Transcending pubescent passion
The conspicuous display of musical taste at school was largely redundant. Our preferences divided generically according to subcultural tribal groups — punks and teds, mods, rockers, hippies and skinheads, to paraphrase The Specials[8] — and we were well aware of the coteries to which our classmates conformed. This didn’t divide us into strictly segregated silos, but it did mean pouring scorn on the choices of friends who adhered to an alternative teenage subgroup. The development of adolescent identity is a process of investing in cultural capital (music, fashions, etc) that represents the lifestyles that most appeal to each emerging individual. Some products of popular culture are transitory and transient, while others represent a more profound expression of the attitudes and influences of those to whom they appeal. Malcolm McLaren[9] expresses this in a 1989 BBC radio documentary[10] as follows:
I don’t think either Bros or Wham! are any different from The Bay City Rollers, are any different from Herman and the Hermits, Fabian or Frankie Avalon, The Monkees… They are basically all innocuous, harmless, little fudge cakes that basically are easily gobbled and beautifully digested, and are appropriate to replace teddy bears in girls’ bedrooms. There’s no question that that softens the blow of everyday life, and they are great sexual awakenings, and they’re a call to arms to show your sexual prowess as a girl. But they’re not, at the end of the day, anything to live by. They come and they go very quickly. They’re part of the Kleenex tissue of the industry. But, if we look at Elvis Presley today, or we look at the Sex Pistols today, they are both bigger than they were when they were alive and kicking.[11]

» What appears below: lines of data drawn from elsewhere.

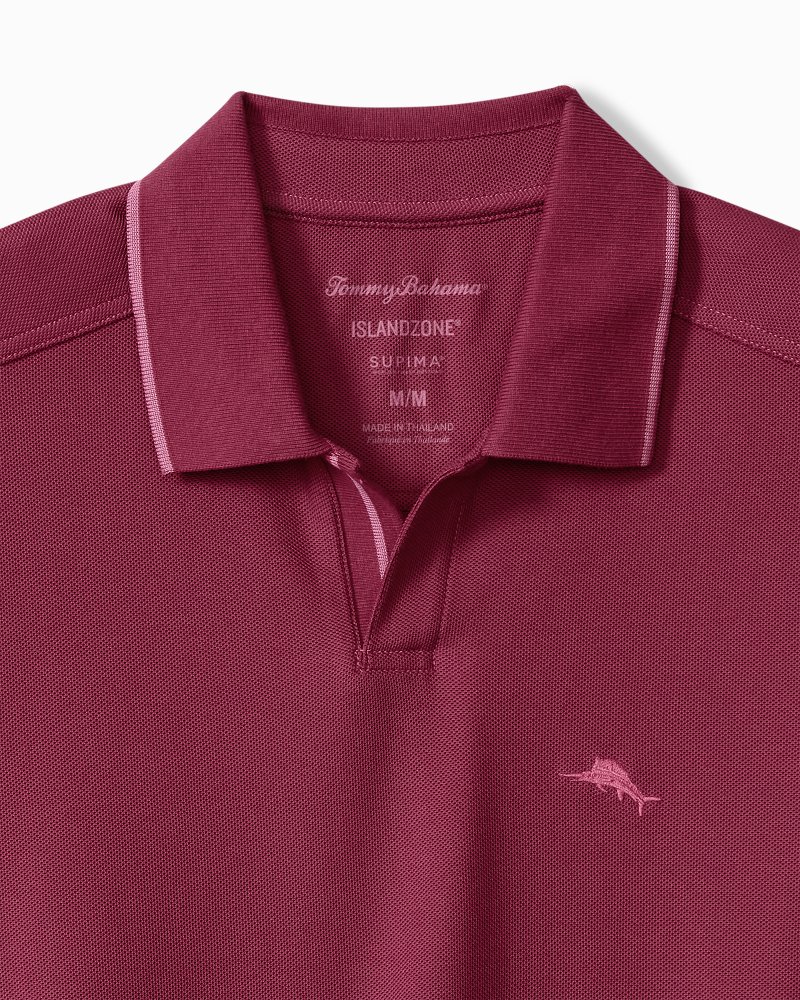 Emfielder Johnny Collar IslandZone Polo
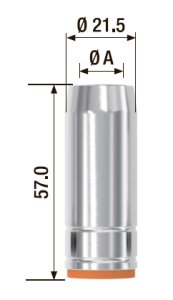 FUBAG Газовое сопло D=18.0 мм FB 250 (2 шт.) в Омске фото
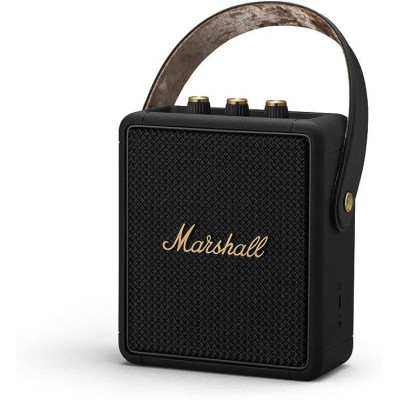 Портативні колонки Marshall Stockwell II Black and Brass (1005544)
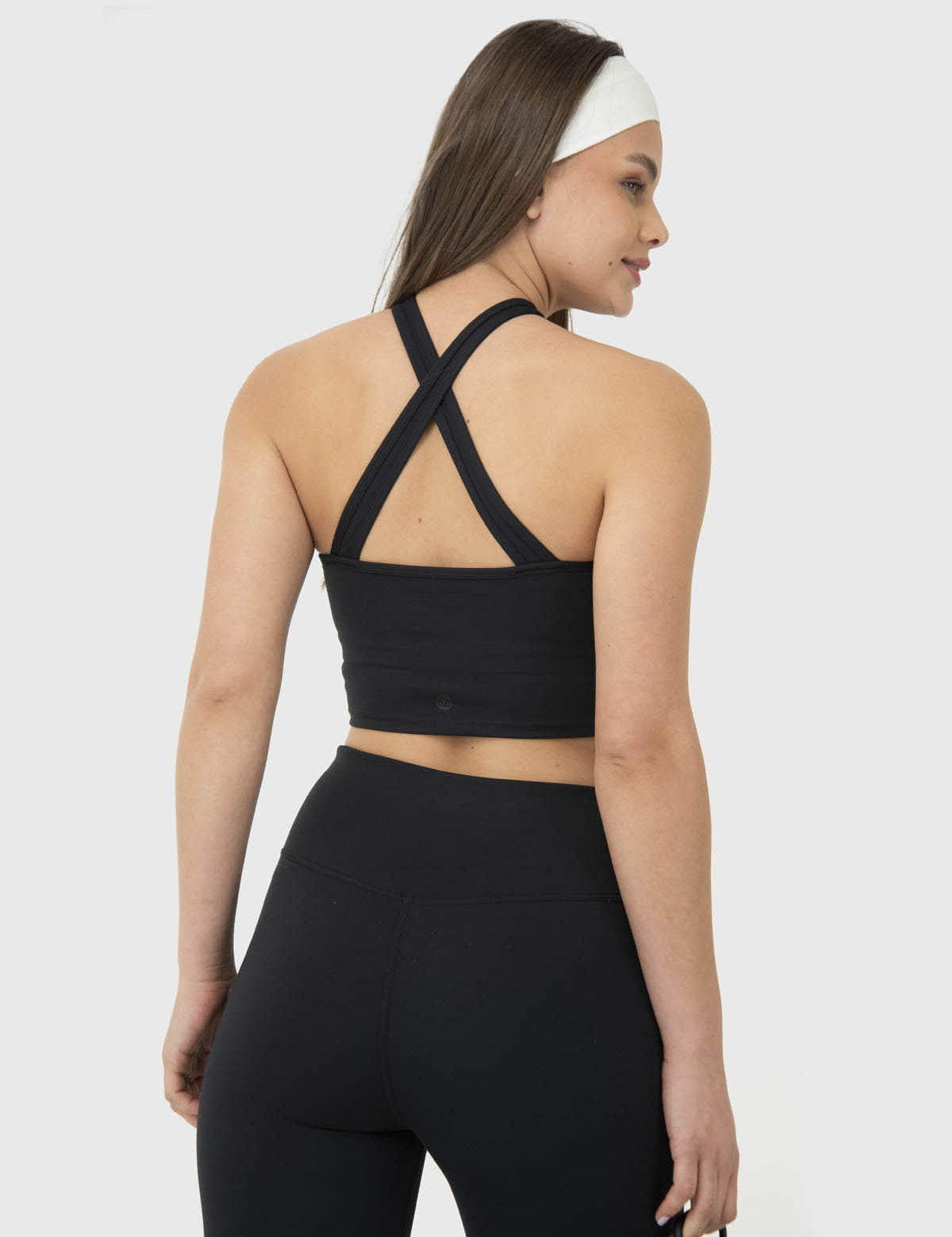 Peto Mujer Cross Back Negro Bsoul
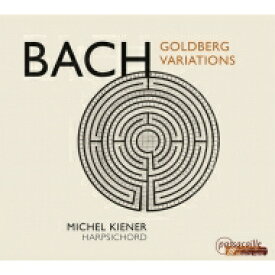【輸入盤】 Bach, Johann Sebastian バッハ / ゴルトベルク変奏曲　マイケル・キーナー（チェンバロ）（2CD） 【CD】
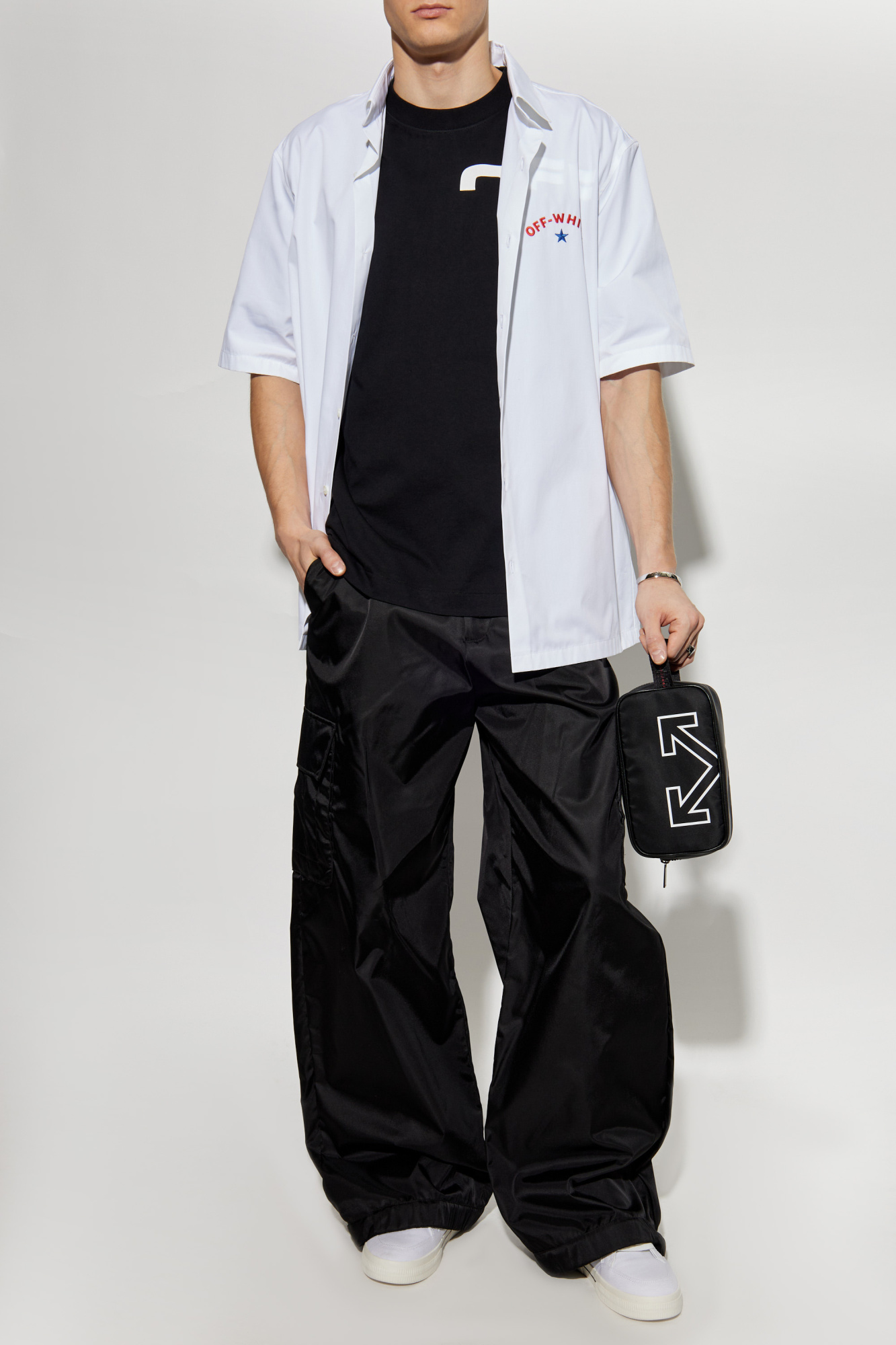White Shirt with logo Off-White - Vitkac AS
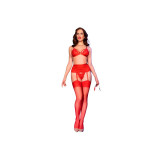 Chilirose - Cr 4895 Conjunto 5 Piezas Rojo L | Vybes.it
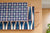 Gan Mix&Match Rectangular Tray 60x20 Blue Tray Gan 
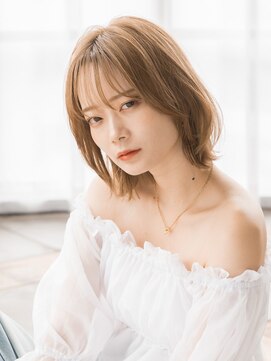 トッカ 茨木(tocca) シースルーバング×ショートボブ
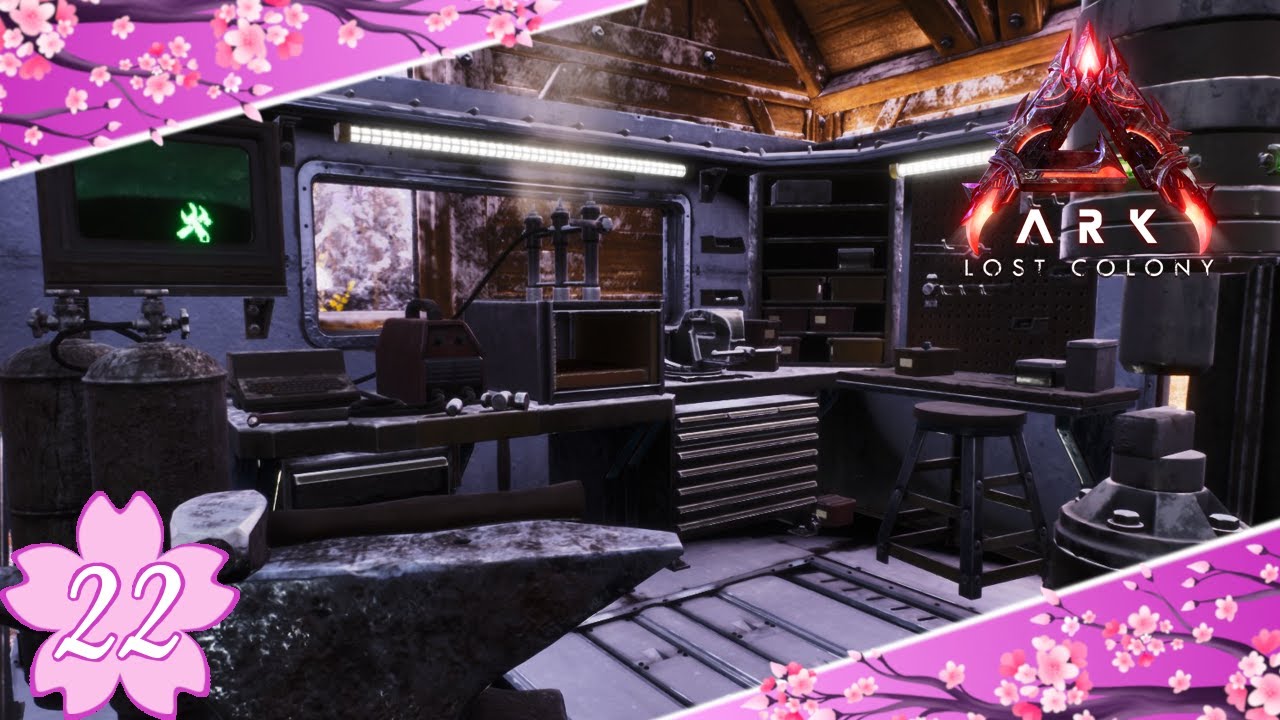L&rsquo;Artisanat &Eacute;volue !!🩸22🩸Lost Colony🩸 ARK: Survival Ascended FR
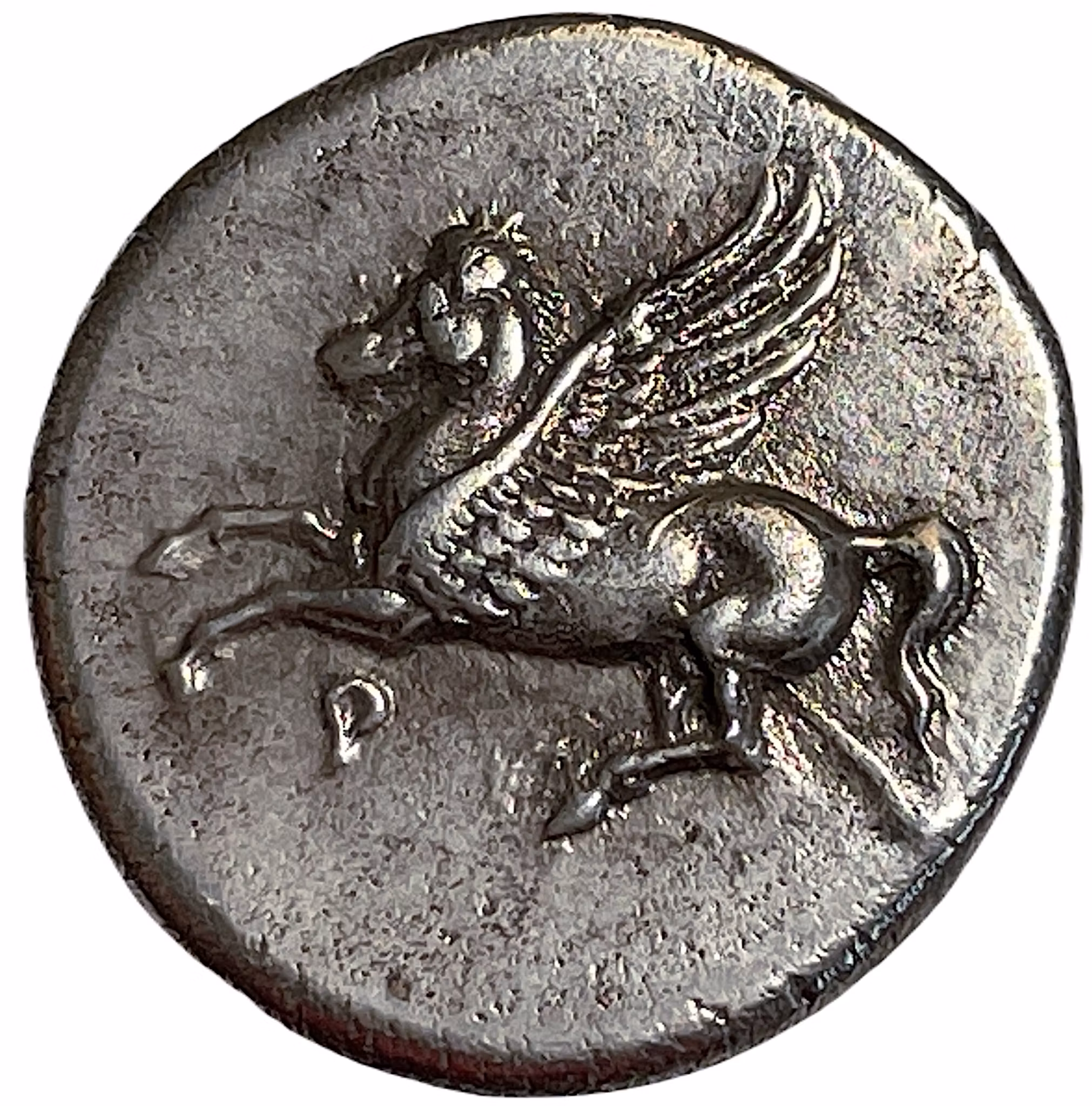 Korint, Korint, Stater 350-306 f.Kr - Tilltalande exemplar i hög relief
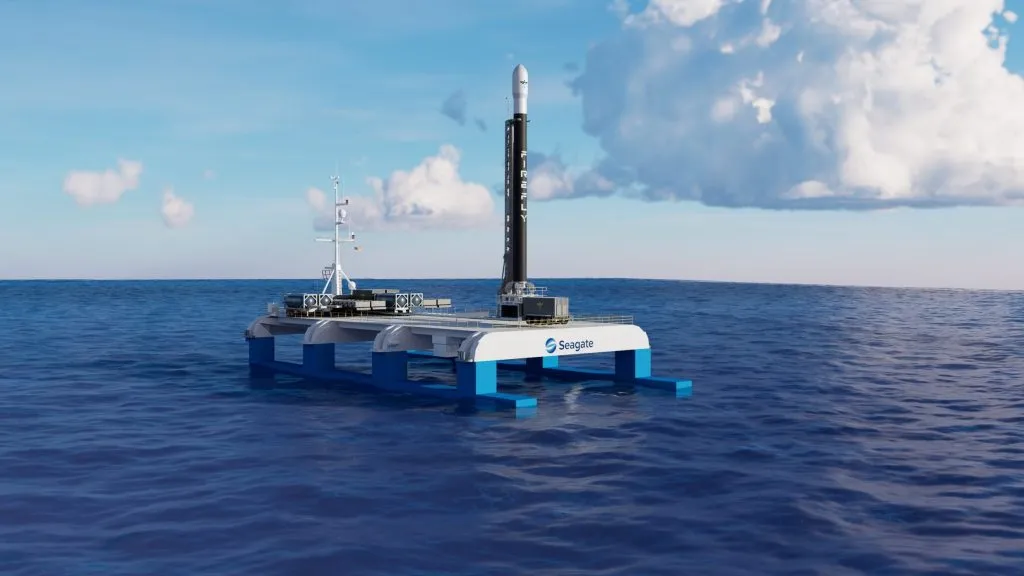US Bureau Evaluates Offshore Spaceport Logistics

McLaren is careful not to downplay the importance of the ‘fudge cakes’ of teenybopper culture in aiding adolescent girls (in particular) to negotiate their progress to sexual maturity, but is clear that they leave the objects of immature adoration behind when they are grown. (Some teenage idols mature with their fan base, maintaining this following into and throughout its adulthood. George Michael outgrew Wham! to remain popular throughout his post-teenybopper career, and members of Take That (particularly Robbie Williams) have transcended their boy band origins. The Beatles too were first presented as pop pinups with little expectation (even within the band) of their enduring for more than two or three years beyond their breakthrough, but they were driven to develop artistically, and so became the historic cultural figures they are now.) Music ‘to live by’, though, needs to connect past pubescent passion for pop idols.
Acts and alter egos
As Hepworth[12] outlines, Mick Jagger and Keith Richards invested in black US blues subculture to an extent that belied their white British roots:
When Mick and Keith first met Brian Jones, blonde-haired father of three and only twenty years old, and he announced that he was performing under the name Elmo Lewis, they didn’t laugh or point out that he really couldn’t be called Elmo Lewis because he came from Cheltenham. They just nodded as if they understood.[13]
Although this alias seems farcical, it is less so in the context of developing a musical act. As the word ‘act’ implies, performing often drives performers to assume personae that are not their own — if only to the extent of adopting a stage name. For evidence of this we need look no further than the musicians lauded and later covered by Jagger, Jones and Richards — Bo Diddley was born Elias Otha Bates,[14] Muddy Waters was McKinley Morganfield,[15] and Howlin’ Wolf was Chester Arthur Burnett.[16] Despite Jones’ initial pretensions, he performed in The Rolling Stones as Brian Jones, while Jagger favours an unusual but not unlikely shortening of his first name, and Richards became Richard at the behest of Andrew Loog Oldham, the Stones’ original manager,[17] in an effort to draw improbable parallels with Cliff Richard (also a pseudonym).[18]
While it is to be expected that musicians’ identities are bound up with the subcultures of the music they play, music fans too (in McLaren’s words) ‘live by’ the stories, sounds and styles of their musical tastes.